“Nothing really is final until it happens”

Bhadrajee Hewage (left) is a junior from Ireland, majoring in history. He and Mahiri Mwita, lecturer in the Princeton Institute of International and Regional Studies, reflect on the 2018 PIIRS African Studies Seminar, “Ideology, Nationalism and Development: An Experimental Study in Tanzania’s (R)evolution.”
Photo: Ben Weldon


On the first day of our PIIRS African Studies Seminar, “Ideology, Nationalism and Development: An Experimental Study in Tanzania’s (R)evolution,” our professor, Mwalimu Mahiri Mwita, expressed to us his hopes and aspirations for our seminar experience — what he hoped we would learn, what he thought we would expect in Tanzania, what he believed we should encounter. And yet as he explained the syllabus, our responsibilities and the itineraries for our weekly excursions, he emphasized one key aspect of the seminar not advertised in any PIIRS brochure or explained in any pre-departure preparation meeting. “Nothing is final in this land until it happens,” he said.

Naturally, this came as a great shock to me. I confess that I applied to this seminar knowing little about Tanzania, nor the intricacies and realities that go hand in hand with experiencing life on the African continent. With a certain naïveté, I admit that what I did know about the region came from Western media coverage of the area and advertisements created by my local church parish encouraging students to volunteer with mission trips to build schools in rural parts of the region. I could not have told you about the existence of an East African technological hub set to rival California’s Silicon Valley or India’s Bengaluru, or what exactly ujamaa was and how it impacted the lives of tens of millions of people for roughly a quarter of a century. 

Looking back, having spent almost six weeks living in Dar es Salaam, I became so much more aware of my surroundings. Not only did I learn basics, I learned some cultural nuances, too. I can now inform you about the current state of the film and music industries in Tanzania, the fraught relationship between Zanzibar and the Tanzanian mainland, and the attitudes of Tanzanians toward closer East African political integration. Of course, spending six weeks in Tanzania in no way qualifies me to act as an expert on Tanzanian affairs, but our daily classroom discussions, volunteer work and field trips have helped me to broaden my intellectual horizons and achieve greater academic maturity. As a concentrator in the history department pursuing a certificate in South Asian studies, I would not have normally been exposed to courses addressing the far-reaching field of African studies. I am grateful for the opportunity to take this seminar through PIIRS.
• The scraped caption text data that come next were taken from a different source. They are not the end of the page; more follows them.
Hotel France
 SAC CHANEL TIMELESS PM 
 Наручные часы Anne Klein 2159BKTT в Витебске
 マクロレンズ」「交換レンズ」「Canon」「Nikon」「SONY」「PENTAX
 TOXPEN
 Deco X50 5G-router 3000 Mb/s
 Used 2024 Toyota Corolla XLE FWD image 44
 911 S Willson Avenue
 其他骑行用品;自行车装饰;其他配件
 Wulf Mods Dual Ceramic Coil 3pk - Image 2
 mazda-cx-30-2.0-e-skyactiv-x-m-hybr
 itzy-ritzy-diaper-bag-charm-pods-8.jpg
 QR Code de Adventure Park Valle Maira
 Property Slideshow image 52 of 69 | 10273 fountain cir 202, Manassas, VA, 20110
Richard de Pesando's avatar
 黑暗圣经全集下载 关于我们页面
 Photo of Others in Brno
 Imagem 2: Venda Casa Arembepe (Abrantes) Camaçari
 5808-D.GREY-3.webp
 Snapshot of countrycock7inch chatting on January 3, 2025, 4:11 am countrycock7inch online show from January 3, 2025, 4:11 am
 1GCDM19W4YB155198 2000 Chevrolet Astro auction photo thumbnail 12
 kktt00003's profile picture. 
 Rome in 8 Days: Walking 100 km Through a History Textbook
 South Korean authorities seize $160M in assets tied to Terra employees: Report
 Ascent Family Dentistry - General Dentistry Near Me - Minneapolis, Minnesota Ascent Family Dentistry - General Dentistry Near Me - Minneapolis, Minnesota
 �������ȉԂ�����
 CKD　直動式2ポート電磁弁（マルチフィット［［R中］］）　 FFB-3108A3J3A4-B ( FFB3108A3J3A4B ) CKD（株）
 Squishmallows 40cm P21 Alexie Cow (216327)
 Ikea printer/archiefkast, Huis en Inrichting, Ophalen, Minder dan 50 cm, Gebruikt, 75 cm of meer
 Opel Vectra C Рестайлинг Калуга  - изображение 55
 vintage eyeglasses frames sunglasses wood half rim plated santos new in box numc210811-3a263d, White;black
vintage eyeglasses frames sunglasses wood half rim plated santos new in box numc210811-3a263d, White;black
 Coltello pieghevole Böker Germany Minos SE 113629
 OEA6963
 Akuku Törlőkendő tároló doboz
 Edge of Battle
As an international student at Princeton, life can be challenging even at the best of times. But living in Tanzania, I was constantly placed in situations which, to my benefit, pushed me far beyond my comfort zone. For example, I had never before set foot in an orphanage, and yet volunteering at a local Islamic orphanage helped to provide me with a rich understanding of the dreams and motivations guiding the lives of Tanzania’s next generation.

Having already spent two years at Princeton, I thought that I had finally understood what it meant to learn. Yet, as this seminar has taught me, nothing really is final — until it happens.